Urbanisme, aménagement et foncier
le 18/09/2025

Sur les conditions d’indemnisation de la perte de la plus-value en cas de rétrocession en nature impossible

Cass. civ., 3ème, 10 juillet 2025, n° 24-10.964

Dans un arrêt rendu le 10 juillet 2025, la Cour de cassation s’est prononcée sur les conditions d’indemnisation d’un propriétaire au titre de la rétrocession de son bien (lorsque cette dernière est impossible en nature).

Prévue à l’article L. 421-1 du Code de l’expropriation, la rétrocession permet à l’ancien propriétaire exproprié de procéder au rachat de son bien lorsque « les immeubles expropriés n’ont pas reçu, dans le délai de cinq ans à compter de l’ordonnance d’expropriation, la destination prévue ou ont cessé de recevoir cette destination ».

De jurisprudence constante, il était considéré que le rachat du bien intervenait au regard de sa qualification à la date à laquelle le droit de rétrocession a été reconnu, au prix estimé à la date de la décision de première instance statuant sur le prix de l’immeuble rétrocédé (Cass. 3e civ., 26 févr. 1997, n° 95-17.530).

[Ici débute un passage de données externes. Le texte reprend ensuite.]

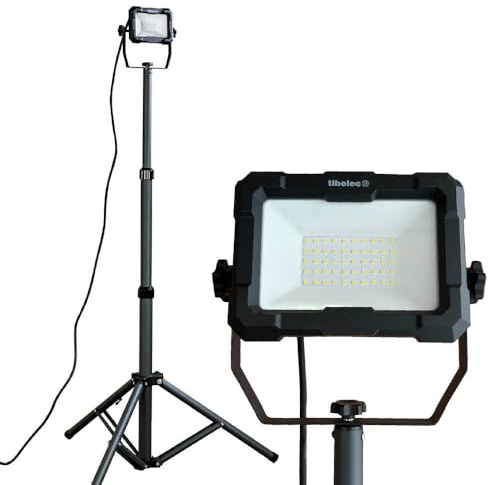 Projecteur LED de chantier filaire sur pied téléscopique 50W, 4600 lumens, IP65, IK07, 4000K, garantie 3 ans - Tibelec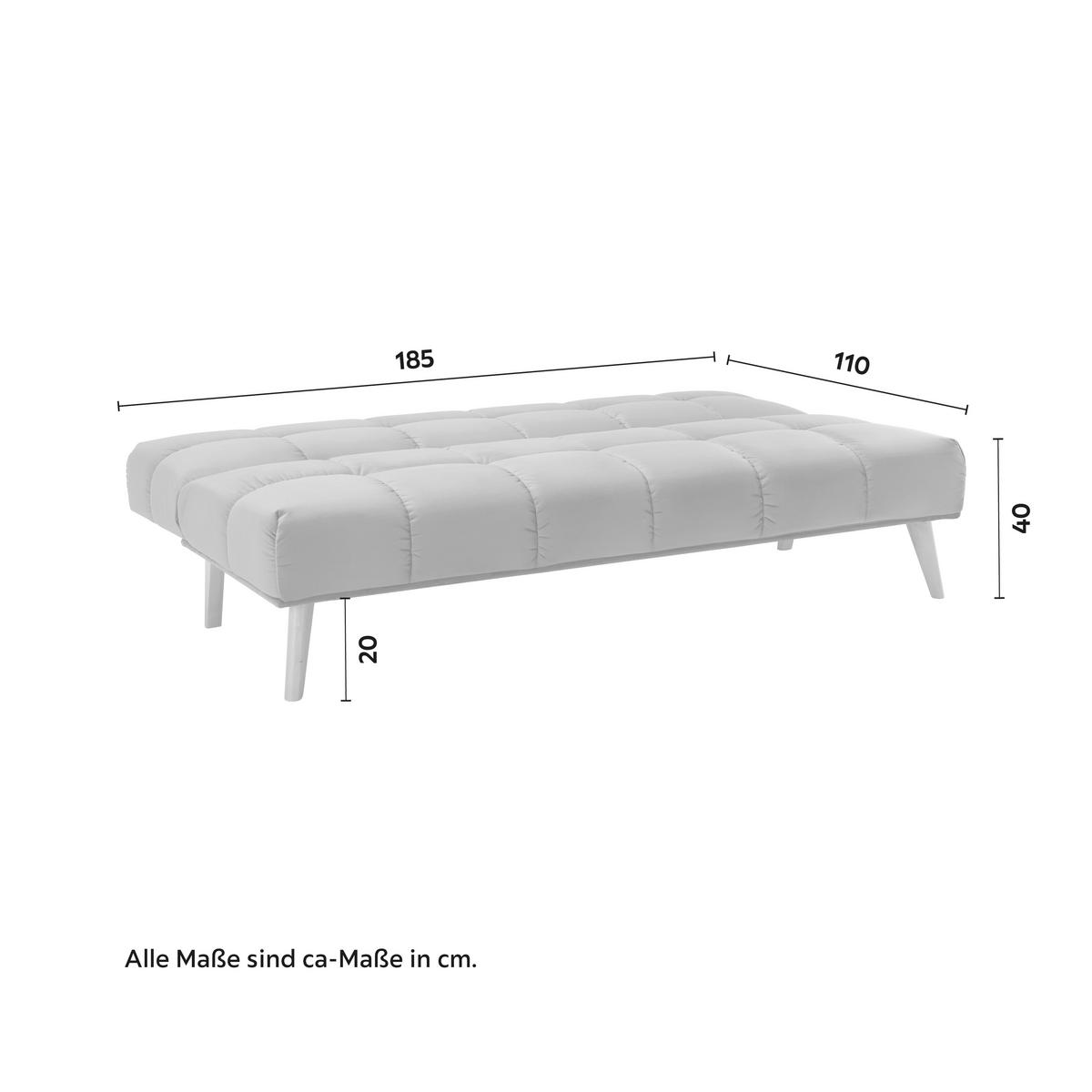 Canapea extensibila ALVA - negru, Modern, lemn/textil (185/80/88cm) - Bessagi Home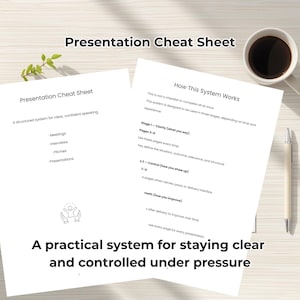 May include: Two white sheets of paper with the text "Presentation Cheat Sheet" and "How This System Works" are on a light wood surface. A cup of coffee and a pen are also on the surface. The text "A practical system for staying clear and controlled under pressure" is at the bottom.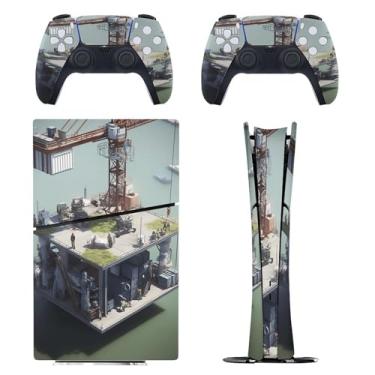 Imagem de Skin for PS5 Slim Digital Edition, capa adesiva para console e controle PlayStation 5, película protetora removível fácil de envolver acessórios para jogos, decalque capa completa - padrões artísticos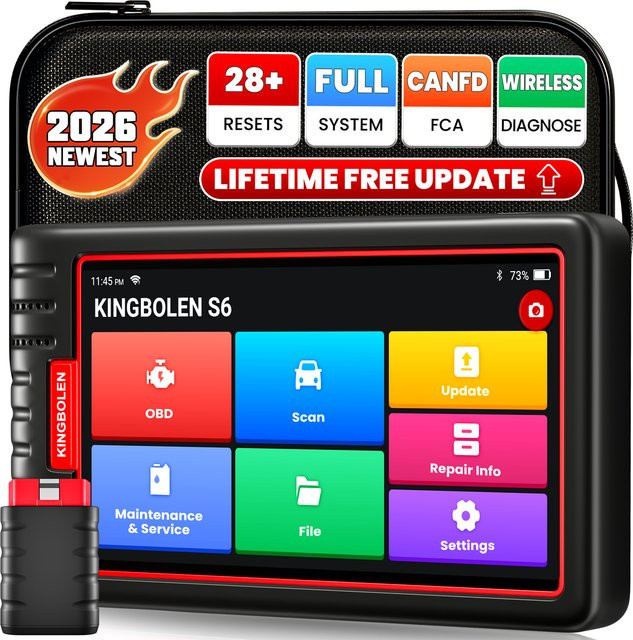 KINGBOLEN S6 Auto-Diagnosegerät CAN FD Vollsystem OBD2-Scanner mit 28 Reset-Funktionen und automatischem VIN-Scan in Schwarz - Bild 1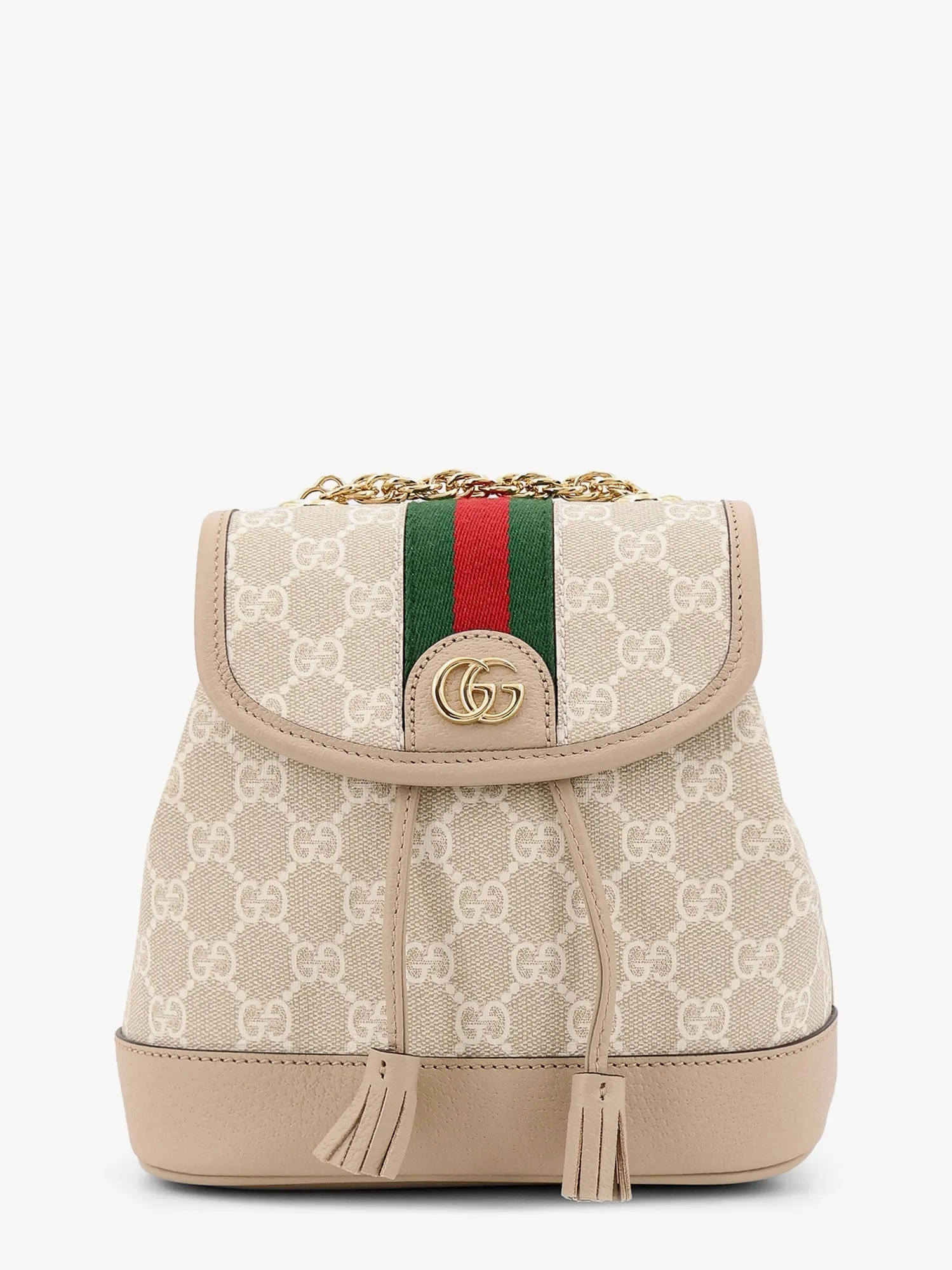 Gucci Mini Ophidia Gg Supreme Fabric And Leather Backpack With Frontal Web Band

Ainsi, la rétrocession d’un bien ne s’analyse pas en une annulation de l’expropriation, mais bien en nouvelle vente opérée entre l’expropriant (actuel propriétaire) et l’exproprié (ancien propriétaire), sans effet sur l’indemnité versée dans le cadre de l’expropriation.

Dans l’hypothèse d’une rétrocession impossible du bien en nature, le droit de rétrocession se traduit par l’octroi de dommages et intérêts.

Il convenait alors de déterminer la période prise en compte pour le calcul de la période préjudicielle pour laquelle l’ancien propriétaire peut obtenir l’indemnisation de la perte de la plus-value du bien dont la rétrocession est impossible :

« 7. Il découle de ces règles, s’agissant de la perte de plus-value du bien dont la rétrocession est devenue impossible, que :

    • la rétrocession n’étant qu’une faculté, sans incidence sur la régularité de l’expropriation, le point de départ de la période préjudicielle est, non pas la date à laquelle le bien a été exproprié, mais celle de l’assignation aux fins de rétrocession, qui constitue la mise en demeure de l’autorité expropriante de restituer son bien à l’exproprié (3e Civ., 17 juillet 1997, pourvoi n° 95-17.530, publié) ;
    • la rétrocession, lorsqu’elle est possible, supposant le rachat par l’exproprié de son bien à sa valeur résultant de sa qualification à la date à laquelle le droit de rétrocession a été définitivement reconnu, cette date constitue, lorsque la rétrocession est impossible, le terme de la période préjudicielle ».

Ainsi, la période indemnisée ne s’ouvre pas à compter ni de l’expropriation, ni de la naissance du droit de rétrocession mais bien à compter de l’assignation du propriétaire car, comme le rappelle la Cour, la rétrocession est une simple faculté ouverte au propriétaire sans incidence sur l’expropriation (qui ne saurait donc donner lieu à indemnisation qu’une fois que le propriétaire a pris la décision d’exercer son droit).

Par son arrêt du 10 juillet 2025, lorsque le droit de rétrocession ne peut être exercé en nature, l’ancien propriétaire exproprié peut obtenir une indemnisation de la perte de plus-value sur la période allant de l’assignation aux fins de rétrocession (début) à la date de reconnaissance définitive de ce droit (fin).